At 6-foot-3, 275 pounds, Karl Klug is not your prototypical defensive tackle. While his lack of size at the position may have scared off some teams in last year’s draft, the Titans were thrilled he was still available when they made their selection in the fifth round.
Little did they know Klug would produce at such a high level early on in his NFL career.
He played in all 16 games (one start) and led the team with seven sacks, 32 tackles, 10 QB pressures, two tackles for loss, four passes defensed and two forced fumbles. One of Klug’s best games came against New Orleans when he sacked Saints QB Drew Brees twice at LP Field.
Klug was the second of three defensive tackles taken by the Titans in 2011 (Jurrell Casey and Zach Clayton were the others) and part of an overall draft class that made huge contributions and exceeded most everyone’s expectations last season.
Titans head coach Mike Munchak calls Klug a “natural” pass rusher that will play a big role on Tennessee’s defense line in 2012.
“When you turn the tape on, he’s a guy that can beat somebody 1-on-1. A lot of d-linemen just can’t do that consistently like he can,” Munchak said. “He’s great with his hands, has great body control…that’s what we saw on the draft tape and that’s what we’re seeing now.”
Klug compensates for his lack of size with a combination of quickness and wrestling maneuvers he learned while competing in high school.
“I think that’s helped me out a lot,” Klug said. “Even though that was in high school, I still think that’s helped me up to this point as far as being aggressive with my hands, understanding leverage and playing underneath the guy. In wrestling, you are constantly in an athletic stance. You have bent knees. That’s how you want to play football — you don’t want to stand straight-legged.”
At times Klug catches larger offensive linemen off-guard.
“I’m assuming they’re probably licking their chops when they see my skinny (butt),” Klug said.
But Klug’s production in college — 9.5 sacks and 26 tackles for loss during his final two seasons at Iowa — didn’t get past Titans scouts and key decision makers.

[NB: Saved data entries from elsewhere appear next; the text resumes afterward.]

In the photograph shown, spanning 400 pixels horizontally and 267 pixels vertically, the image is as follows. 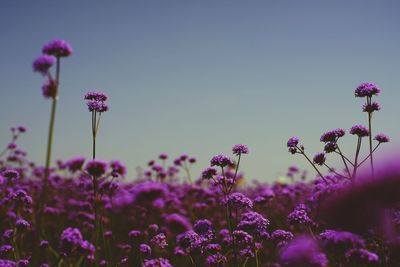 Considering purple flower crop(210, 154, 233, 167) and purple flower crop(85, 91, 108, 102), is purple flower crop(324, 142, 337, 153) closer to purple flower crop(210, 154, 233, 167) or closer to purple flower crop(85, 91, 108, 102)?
purple flower crop(210, 154, 233, 167)

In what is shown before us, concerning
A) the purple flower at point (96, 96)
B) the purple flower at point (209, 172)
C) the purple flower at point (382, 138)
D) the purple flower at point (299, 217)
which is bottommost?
the purple flower at point (299, 217)

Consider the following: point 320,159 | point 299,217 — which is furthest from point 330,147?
point 299,217

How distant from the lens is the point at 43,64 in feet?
12.1

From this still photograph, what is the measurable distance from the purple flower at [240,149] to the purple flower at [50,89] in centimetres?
356

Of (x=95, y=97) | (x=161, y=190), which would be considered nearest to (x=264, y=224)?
(x=161, y=190)

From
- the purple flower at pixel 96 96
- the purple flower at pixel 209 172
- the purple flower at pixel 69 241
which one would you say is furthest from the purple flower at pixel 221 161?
the purple flower at pixel 69 241

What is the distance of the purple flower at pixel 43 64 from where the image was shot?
367 centimetres

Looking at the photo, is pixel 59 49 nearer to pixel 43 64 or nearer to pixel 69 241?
pixel 43 64

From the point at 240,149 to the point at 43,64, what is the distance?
11.9 feet

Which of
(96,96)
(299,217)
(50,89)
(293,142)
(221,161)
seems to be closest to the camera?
(50,89)

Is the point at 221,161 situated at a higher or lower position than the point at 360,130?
lower

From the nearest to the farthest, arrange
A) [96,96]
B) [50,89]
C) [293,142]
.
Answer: [50,89] → [96,96] → [293,142]

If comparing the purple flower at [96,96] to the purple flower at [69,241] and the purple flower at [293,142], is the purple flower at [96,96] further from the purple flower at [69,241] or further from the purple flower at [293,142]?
the purple flower at [293,142]

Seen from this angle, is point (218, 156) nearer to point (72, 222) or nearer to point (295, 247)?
point (295, 247) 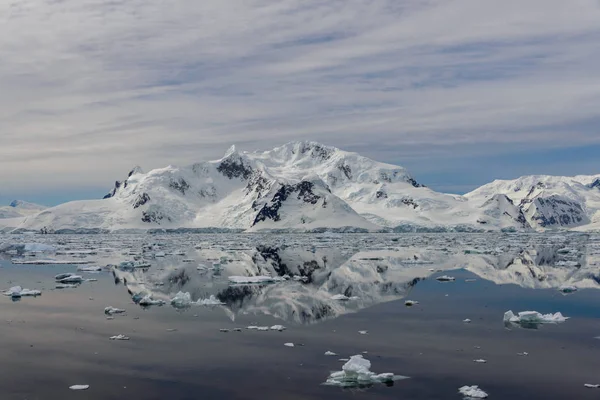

“Maybe some teams have size parameters, and so they put those guys lower on their draft board,” Titans GM Ruston Webster said. “I think everybody saw that he was a good football player. He went to the East-West (game), he did well. His tape was good. He stood out on a very good college defensive line and made a lot of plays for them. It’s just when do you take that guy that’s a little bit undersized, and how do you play him?”
Munchak credits Webster and former Titans GM Mike Reinfeldt for finding players like Klug that fit the Titans’ system. With a little more upper body strength, Munchak believes Klug can become an excellent player in this league.
“It’s up to us to keep developing him and getting him to play more,” Munchak said. “He played a lot inside. We limited him a little more last year to passing downs. He could probably work on his upper-body this year to gain some weight to help him dramatically. But he’s a great kid, a great guy to have on your team. He led our team in sacks last year and he can up that number every year. He’s a special guy that really has a chance to make a difference in this league.”